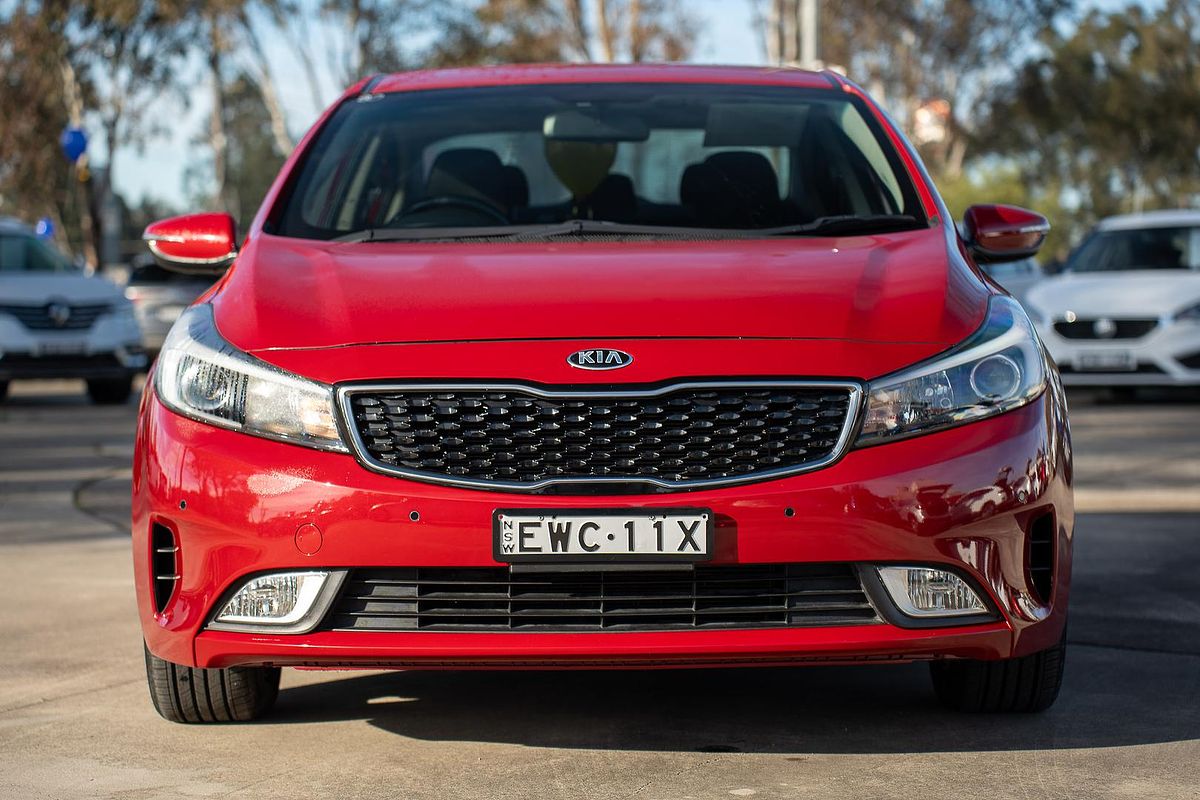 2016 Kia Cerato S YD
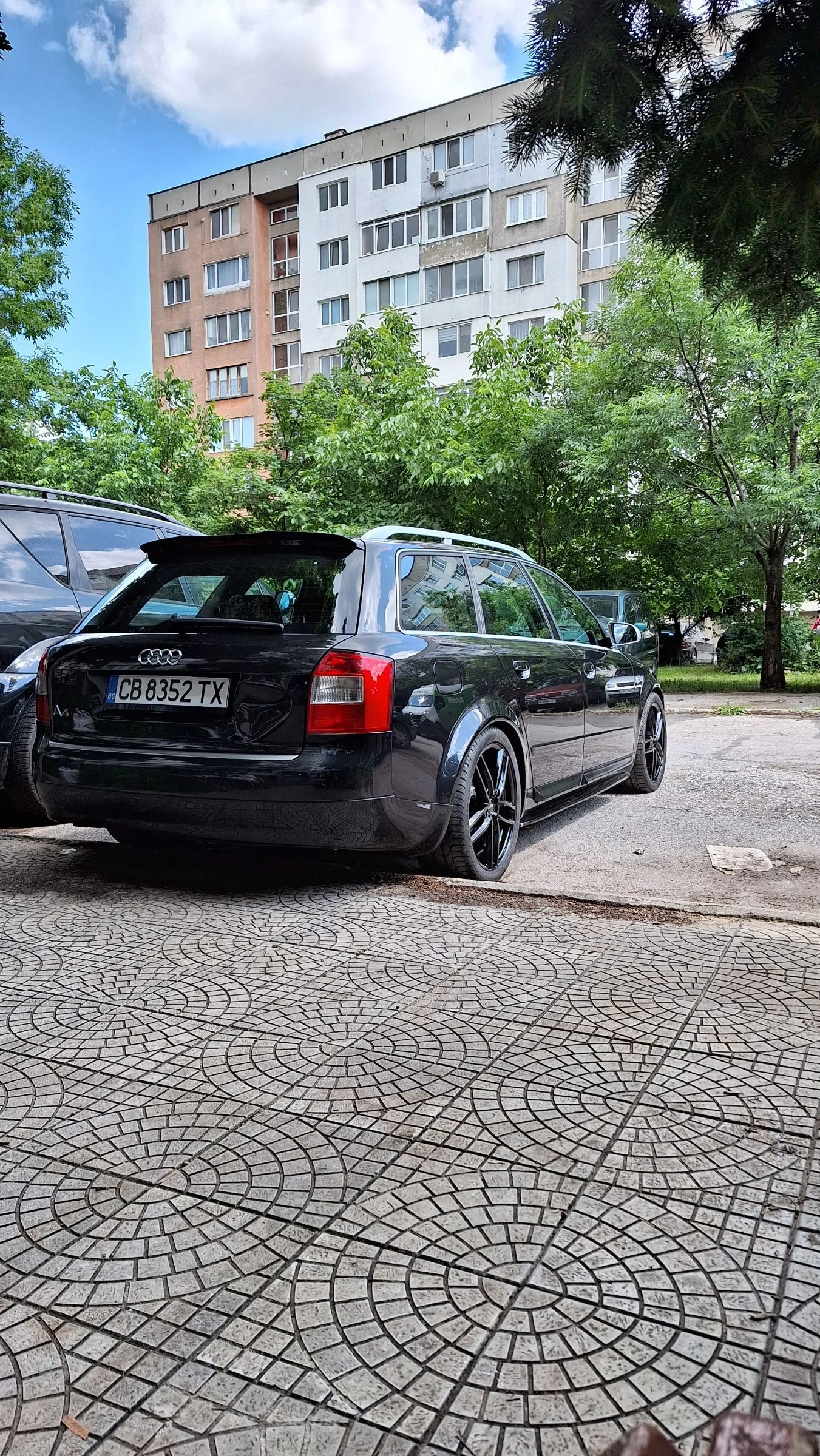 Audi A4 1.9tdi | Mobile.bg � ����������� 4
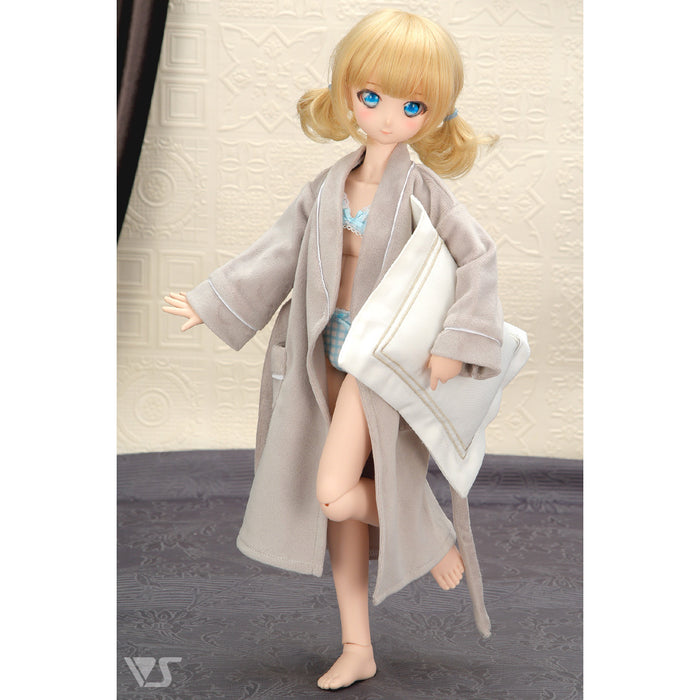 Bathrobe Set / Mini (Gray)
◇ ◇ ◇
» **Problem requirements**
With the pictures left out, return all the material above exactly.

» **Output**
 2016 Kia Cerato S YD
 Audi A4 1.9tdi | Mobile.bg � ����������� 4
 Bathrobe Set / Mini (Gray)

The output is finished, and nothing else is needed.